WHAT YOU WILL DO:
Take the material below and extract the lines from the one with "Alpinestars CR-X Drystar" through the one with "Tablou - Flori", word for word, without pictures.

RECORDED INFORMATION:
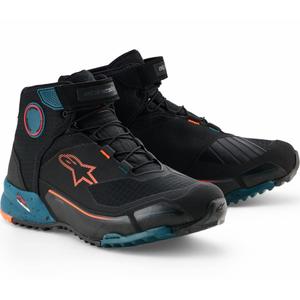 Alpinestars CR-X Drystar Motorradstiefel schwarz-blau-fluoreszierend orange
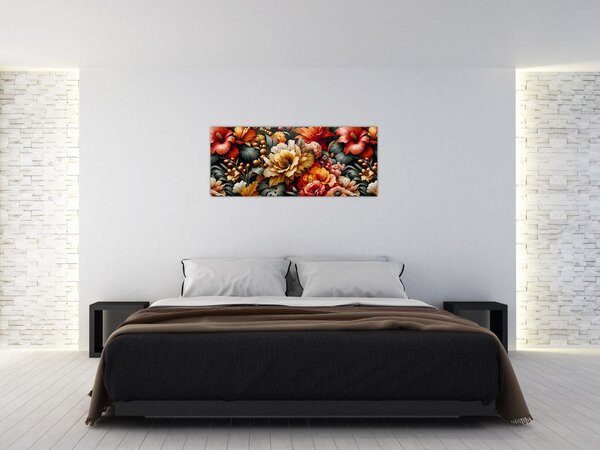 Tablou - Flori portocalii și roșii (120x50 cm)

--

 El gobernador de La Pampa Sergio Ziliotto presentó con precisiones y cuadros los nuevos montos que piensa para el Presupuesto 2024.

TASK RESULT:
 Alpinestars CR-X Drystar Motorradstiefel schwarz-blau-fluoreszierend orange
 Tablou - Flori portocalii și roșii (120x50 cm)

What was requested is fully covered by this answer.